The American Legislative Exchange Council’s (ALEC) mission to prevent the U.S. Environmental Protection Agency from regulating greenhouse gas emissions has expanded into an “unusual” coordinated campaign involving state attorneys general, according to documents obtained by The Guardian and released Friday.
ALEC, an influential right-wing lobbying group funded in part by petrochemical billionaires Charles and David Koch, has been working to undermine anti-pollution and pro-clean energy policies for years. But in 2014, the group adopted a new tactic — seeking out friendly state attorneys and encouraging them to sue the EPA.
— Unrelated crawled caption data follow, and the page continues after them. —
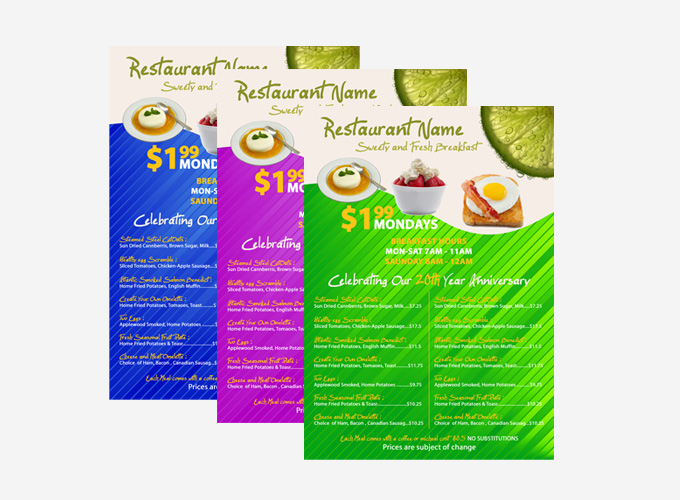 Restaurant Coffee Breakfast Menu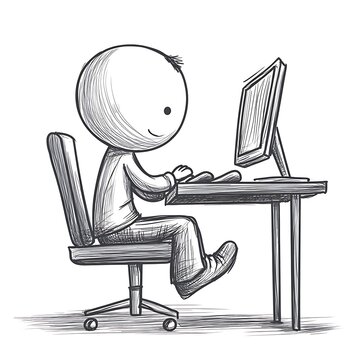 Stylized sketch of a person sitting at a desk using a computer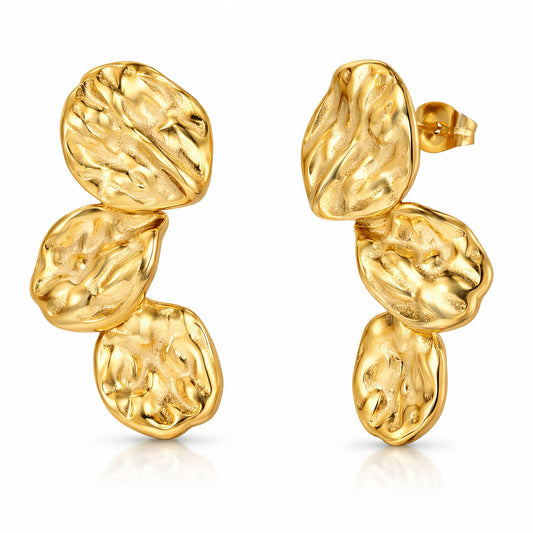 Layla Earrings – Waterproof Sculptural Gold Statement Earrings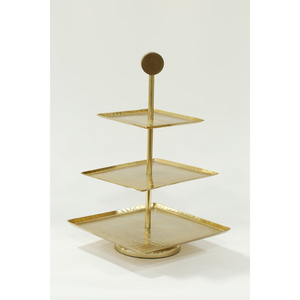 Elegant Round Decorative Serving Platter Wholesale 2 Tier Brass Finish Metal Cake <b>Stand</b> With Handle For Dessert & <b>Cupcakes</b> - Product Image 2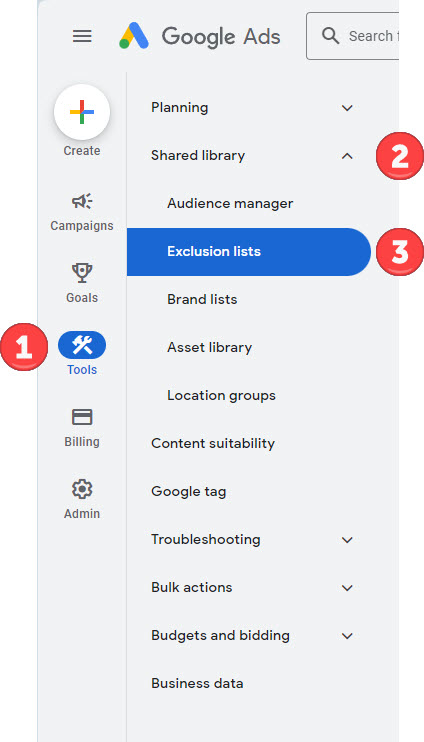 Google Ads interface - How to add negative keywords to an exclusion list in the Shared Library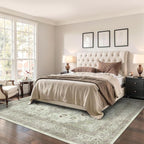vivorug Sage Green 5x7 Area Rugs - Ultra-Thin Washable Rug with Non-Slip Backing, Ideal for Living Room, Bedroom, Kitchen Floor Carpet - Vintage Floral, Easy Clean, Durable, Low Pile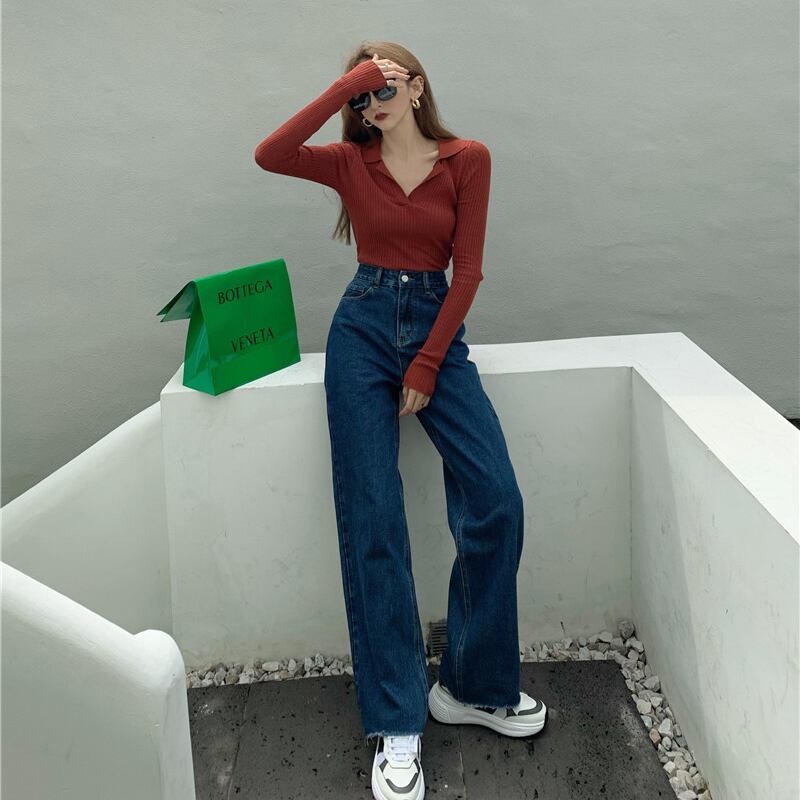 ファッションスーツレディース2020年秋新作スリムボトミング長袖ニットトップハイウエストデニムワイドレッグパンツ ドラファッションホール94618058741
This, according to the non-profit Centre for Media and Democracy (CMD), is unlike anything the group has ever done before — at least to their knowledge. ALEC, the group’s director of research said, is known more for pushing anti-climate and pro-industry bills in state legislatures, not actively crusading against the EPA at the federal level.
“ALEC has become quite well known and notorious for promoting model legislation. This is different,” CMD’s Nick Surgey told the Guardian. “ALEC is engaging much more broadly in the campaign against the EPA regulations, and they are doing so by asking their members to advocate for the coal industry with attorney generals. That is very unusual for them.”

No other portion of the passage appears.